Data:
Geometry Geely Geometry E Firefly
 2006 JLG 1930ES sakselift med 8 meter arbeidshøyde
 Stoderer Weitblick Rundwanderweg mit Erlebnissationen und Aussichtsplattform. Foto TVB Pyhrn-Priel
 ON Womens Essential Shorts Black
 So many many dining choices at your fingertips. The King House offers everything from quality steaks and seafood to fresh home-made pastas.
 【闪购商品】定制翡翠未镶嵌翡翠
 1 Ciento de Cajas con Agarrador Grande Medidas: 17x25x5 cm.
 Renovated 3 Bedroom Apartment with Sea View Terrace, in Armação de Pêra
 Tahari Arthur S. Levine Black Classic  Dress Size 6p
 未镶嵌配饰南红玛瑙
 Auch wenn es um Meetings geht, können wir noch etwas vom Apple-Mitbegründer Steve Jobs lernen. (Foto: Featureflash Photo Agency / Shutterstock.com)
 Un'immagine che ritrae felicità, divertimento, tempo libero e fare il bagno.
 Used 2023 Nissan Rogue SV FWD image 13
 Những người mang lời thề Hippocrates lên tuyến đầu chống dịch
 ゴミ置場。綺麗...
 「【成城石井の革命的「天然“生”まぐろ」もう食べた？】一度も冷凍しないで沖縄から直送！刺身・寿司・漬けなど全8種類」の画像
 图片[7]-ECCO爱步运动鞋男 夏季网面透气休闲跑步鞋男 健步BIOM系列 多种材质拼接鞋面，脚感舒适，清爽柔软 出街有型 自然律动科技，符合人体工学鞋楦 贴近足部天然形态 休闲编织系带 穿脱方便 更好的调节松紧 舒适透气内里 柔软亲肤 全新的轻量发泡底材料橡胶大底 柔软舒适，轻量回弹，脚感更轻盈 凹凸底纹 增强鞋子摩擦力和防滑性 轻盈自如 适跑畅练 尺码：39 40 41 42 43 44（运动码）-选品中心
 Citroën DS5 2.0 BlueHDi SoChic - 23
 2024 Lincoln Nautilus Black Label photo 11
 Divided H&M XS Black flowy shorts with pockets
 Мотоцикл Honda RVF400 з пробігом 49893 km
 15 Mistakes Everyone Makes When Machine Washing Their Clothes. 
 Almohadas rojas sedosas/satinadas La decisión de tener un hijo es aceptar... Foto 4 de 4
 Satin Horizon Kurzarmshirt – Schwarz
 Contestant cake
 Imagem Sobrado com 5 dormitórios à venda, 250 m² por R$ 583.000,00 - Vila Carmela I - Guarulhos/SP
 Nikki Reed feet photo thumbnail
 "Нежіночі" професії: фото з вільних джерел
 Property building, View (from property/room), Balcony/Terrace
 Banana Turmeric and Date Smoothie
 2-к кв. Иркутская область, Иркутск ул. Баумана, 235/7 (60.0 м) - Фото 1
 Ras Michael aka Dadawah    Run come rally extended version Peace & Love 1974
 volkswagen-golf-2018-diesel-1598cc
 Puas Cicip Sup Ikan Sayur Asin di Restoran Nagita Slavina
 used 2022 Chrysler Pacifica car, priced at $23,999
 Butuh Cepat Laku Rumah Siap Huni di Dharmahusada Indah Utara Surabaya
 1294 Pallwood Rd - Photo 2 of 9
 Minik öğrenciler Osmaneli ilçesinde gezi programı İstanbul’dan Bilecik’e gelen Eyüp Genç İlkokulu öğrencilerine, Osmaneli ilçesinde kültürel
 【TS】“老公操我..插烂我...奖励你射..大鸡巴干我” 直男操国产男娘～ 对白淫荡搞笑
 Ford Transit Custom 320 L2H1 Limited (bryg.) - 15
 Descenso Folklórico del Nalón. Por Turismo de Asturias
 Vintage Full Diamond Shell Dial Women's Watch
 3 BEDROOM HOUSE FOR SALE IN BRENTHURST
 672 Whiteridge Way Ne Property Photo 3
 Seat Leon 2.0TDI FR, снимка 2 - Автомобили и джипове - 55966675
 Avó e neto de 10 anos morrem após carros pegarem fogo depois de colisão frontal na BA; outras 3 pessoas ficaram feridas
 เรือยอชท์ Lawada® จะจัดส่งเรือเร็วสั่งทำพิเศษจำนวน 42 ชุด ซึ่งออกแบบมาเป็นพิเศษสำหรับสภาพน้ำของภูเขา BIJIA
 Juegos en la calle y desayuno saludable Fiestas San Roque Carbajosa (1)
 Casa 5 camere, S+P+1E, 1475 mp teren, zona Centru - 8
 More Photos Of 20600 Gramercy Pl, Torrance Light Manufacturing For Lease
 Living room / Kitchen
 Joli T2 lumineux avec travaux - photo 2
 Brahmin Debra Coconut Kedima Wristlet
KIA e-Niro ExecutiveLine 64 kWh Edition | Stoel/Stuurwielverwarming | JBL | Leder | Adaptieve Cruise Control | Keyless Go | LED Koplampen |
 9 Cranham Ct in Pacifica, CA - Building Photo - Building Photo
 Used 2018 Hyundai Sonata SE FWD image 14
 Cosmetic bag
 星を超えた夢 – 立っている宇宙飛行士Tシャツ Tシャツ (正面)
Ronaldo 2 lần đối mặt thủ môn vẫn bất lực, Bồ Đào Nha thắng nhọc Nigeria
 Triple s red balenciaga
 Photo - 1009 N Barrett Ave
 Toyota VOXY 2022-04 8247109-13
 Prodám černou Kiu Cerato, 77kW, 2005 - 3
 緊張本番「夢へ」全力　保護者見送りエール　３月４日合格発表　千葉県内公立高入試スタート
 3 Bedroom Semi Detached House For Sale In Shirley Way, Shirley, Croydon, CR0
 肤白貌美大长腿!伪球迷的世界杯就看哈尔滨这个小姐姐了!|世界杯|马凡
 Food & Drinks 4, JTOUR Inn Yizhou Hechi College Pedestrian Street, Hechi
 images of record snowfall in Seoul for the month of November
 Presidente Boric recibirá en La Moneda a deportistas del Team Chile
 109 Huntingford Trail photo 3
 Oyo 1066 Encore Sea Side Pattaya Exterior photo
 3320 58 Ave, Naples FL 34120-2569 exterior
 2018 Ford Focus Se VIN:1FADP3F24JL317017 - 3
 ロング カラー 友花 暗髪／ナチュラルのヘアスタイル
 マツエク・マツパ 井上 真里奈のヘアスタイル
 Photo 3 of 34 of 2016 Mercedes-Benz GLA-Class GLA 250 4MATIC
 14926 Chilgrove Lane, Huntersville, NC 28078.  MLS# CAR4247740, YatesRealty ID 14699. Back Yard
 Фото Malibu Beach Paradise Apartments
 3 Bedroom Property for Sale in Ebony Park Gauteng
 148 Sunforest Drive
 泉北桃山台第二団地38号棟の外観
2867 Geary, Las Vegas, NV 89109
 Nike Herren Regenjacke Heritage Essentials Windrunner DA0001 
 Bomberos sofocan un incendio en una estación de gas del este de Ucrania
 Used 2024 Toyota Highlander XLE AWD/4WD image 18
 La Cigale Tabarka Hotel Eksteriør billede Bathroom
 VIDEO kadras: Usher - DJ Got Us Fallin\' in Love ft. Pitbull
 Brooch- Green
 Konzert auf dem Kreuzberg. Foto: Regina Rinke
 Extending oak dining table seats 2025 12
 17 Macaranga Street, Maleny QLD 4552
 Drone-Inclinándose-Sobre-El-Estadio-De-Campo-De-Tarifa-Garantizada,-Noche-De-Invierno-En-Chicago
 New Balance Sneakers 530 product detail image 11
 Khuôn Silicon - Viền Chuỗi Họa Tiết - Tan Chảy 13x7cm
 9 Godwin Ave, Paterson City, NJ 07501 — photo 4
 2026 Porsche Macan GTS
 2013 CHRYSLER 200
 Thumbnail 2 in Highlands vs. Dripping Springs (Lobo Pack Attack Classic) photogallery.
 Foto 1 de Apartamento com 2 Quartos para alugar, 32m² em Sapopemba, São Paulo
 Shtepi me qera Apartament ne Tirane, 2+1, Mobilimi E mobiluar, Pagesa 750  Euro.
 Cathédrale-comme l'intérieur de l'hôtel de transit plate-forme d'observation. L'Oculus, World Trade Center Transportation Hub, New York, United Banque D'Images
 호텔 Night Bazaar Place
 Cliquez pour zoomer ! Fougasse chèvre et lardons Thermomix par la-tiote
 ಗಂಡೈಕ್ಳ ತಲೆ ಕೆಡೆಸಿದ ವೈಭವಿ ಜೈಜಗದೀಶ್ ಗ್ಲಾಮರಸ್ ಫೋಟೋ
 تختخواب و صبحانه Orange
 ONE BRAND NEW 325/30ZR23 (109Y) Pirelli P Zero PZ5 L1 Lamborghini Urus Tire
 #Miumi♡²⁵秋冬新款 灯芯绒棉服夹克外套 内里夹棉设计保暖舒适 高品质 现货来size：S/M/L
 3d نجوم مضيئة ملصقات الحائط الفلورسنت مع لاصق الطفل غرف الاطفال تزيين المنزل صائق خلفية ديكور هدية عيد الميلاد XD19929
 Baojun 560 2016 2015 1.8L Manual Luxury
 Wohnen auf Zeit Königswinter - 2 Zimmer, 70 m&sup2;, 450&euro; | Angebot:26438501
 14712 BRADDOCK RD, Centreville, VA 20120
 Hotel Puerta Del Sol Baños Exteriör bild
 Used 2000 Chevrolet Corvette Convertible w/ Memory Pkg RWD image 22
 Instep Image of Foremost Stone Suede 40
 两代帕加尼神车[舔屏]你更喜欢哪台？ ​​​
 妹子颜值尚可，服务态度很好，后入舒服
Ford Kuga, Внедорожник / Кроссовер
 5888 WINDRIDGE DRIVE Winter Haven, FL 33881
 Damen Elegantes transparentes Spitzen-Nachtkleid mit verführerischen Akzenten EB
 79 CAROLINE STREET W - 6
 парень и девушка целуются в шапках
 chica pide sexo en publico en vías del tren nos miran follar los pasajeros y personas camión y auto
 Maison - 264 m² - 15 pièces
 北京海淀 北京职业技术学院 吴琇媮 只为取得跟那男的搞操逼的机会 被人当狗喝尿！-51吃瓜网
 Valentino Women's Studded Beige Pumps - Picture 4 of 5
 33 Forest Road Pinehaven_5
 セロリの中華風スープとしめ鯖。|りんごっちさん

What to produce: Only the last part of the entries above is needed: please copy the line with "Maison - 264 m² - 15 pièces" and each line after it exactly.

Your response:
 Maison - 264 m² - 15 pièces
 北京海淀 北京职业技术学院 吴琇媮 只为取得跟那男的搞操逼的机会 被人当狗喝尿！-51吃瓜网
 Valentino Women's Studded Beige Pumps - Picture 4 of 5
 33 Forest Road Pinehaven_5
 セロリの中華風スープとしめ鯖。|りんごっちさん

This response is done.